The band became a duo and recorded the stellar Deformer, released this week

click to enlarge Nancy Urich and Seth Smith enjoy country living and making amazing music.
  • Nancy Urich and Seth Smith enjoy country living and making amazing music.

Can a two-legged dog still run?

That's the question that Seth Smith and Nancy Urich, the husband-and-wife duo that makes up Dog Day, faced as half their band disintegrated---and just as the success of Concentration had them seemingly poised for a breakthrough.

Now comes Deformer, Dog Day's first album as a two-piece, and with it, their answer: The dog runs on its own terms.

Though they'd always taken an active role in making their own videos and artwork, Smith and Urich went back to their do- it-yourself roots to self-record and self-release the new album.

"It's just a natural progression from the direction we've been kind of going: DIY, handling everything and having a bit more control over all that we do," says Smith over coffee earlier this month. "It's a lot more work, but there's a certain freedom you get with that. That's the sort of thing we got into music for in the first place. It makes it more real, that feeling of doing it for fun."

Smith and Urich took the re- routing of their band quite literally: they left city living behind, purchasing a house about 30 kilometres off the peninsula to build a life, a home studio and a record together.

"We both grew up in rural places," explains Urich. "I wanted to have animals, and Seth wanted to be by the ocean. I didn't think we'd ever get both things, but we did."

Most importantly, they got the freedom to record their album away from external pressures. They had no producer, no deadlines and only their seven-year-old border collie, Woofy, listening in on the sessions. (That's him howling on opening track "Daydream"--- "He's kind of a singing dog," explains Smith, "but the problem is that he won't do it in public because he has anxiety.")

They recorded off the floor embracing the new arrangement by cutting their aesthetic down to its brutally efficient core: guitar, drums and killer pop hooks.

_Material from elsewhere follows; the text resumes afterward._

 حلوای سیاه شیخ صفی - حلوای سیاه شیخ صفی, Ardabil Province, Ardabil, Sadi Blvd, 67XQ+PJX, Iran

And as great as Deformer sounds, it's the car-stereo catchiness of its songs that sticks with you, with highlights like "Eurozone" and "Mr. Freeze" sneaking their way into your summer soundtrack time and time again. Like Guided by Voices before them, Dog Day fuses garage rock minimalism with rock-solid songwriting and makes each element more impressive through the process.

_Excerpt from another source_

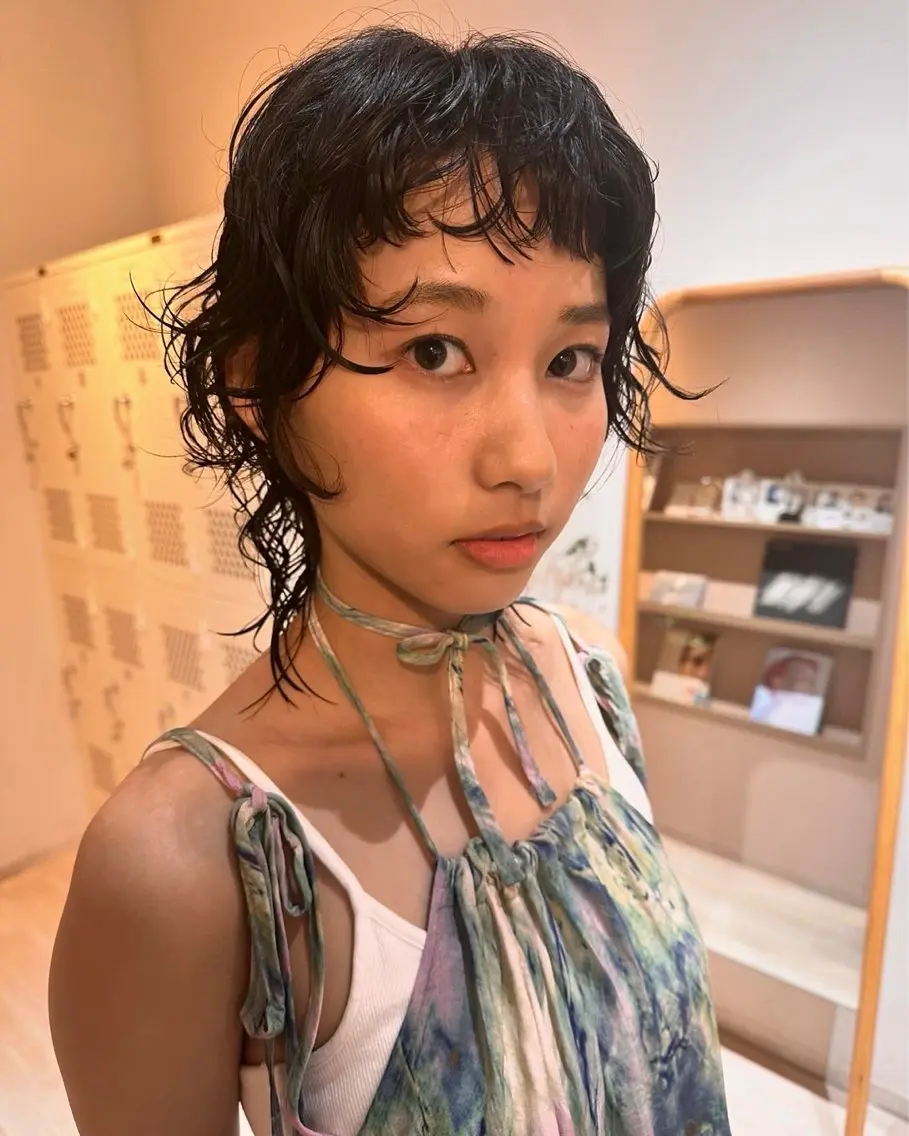 ミディアム パーマ ramphy 柴原 夢奈のヘアスタイル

"I think that's kind of the theme we had, just to make a very relaxed record: no tight deadline, no one telling us how many songs we need or how we need to mix it," says Smith.

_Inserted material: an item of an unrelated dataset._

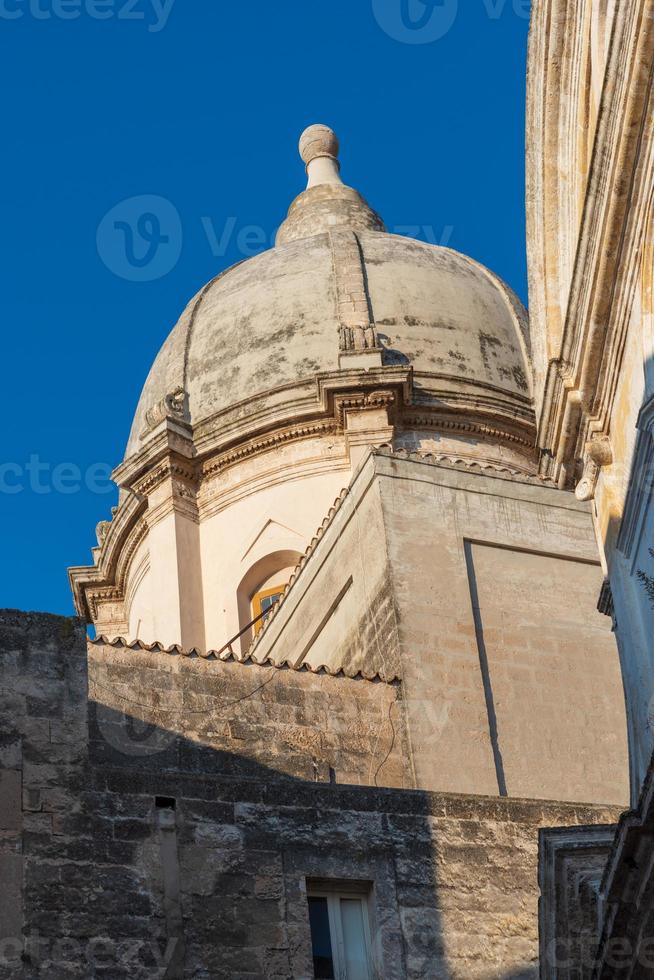 monopoli, hamnen och den historiska stadskärnan foto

"But that's also the weird part: you have no one saying anything to you at all," Urich chimes in. "You have no feedback."

"Exactly," says Smith. "You just listen to the record and talk together, 'Uh, I think this is good, is this good?' Sometimes it's better that way. You capture the birth of a song instead of the death of it. Sometimes when you're recording, you've already played it 10 million times---something gets lost."

Deformer comes out Tuesday on the duo's own Fundog Records, and Smith and Urich will celebrate the record's release on Friday, August 5, at the Seahorse with Vancouver's Apollo Ghosts sharing the bill. Following the bands' short Maritimes tour, Dog Day hopes to hit the road and tour the rest of Canada this fall.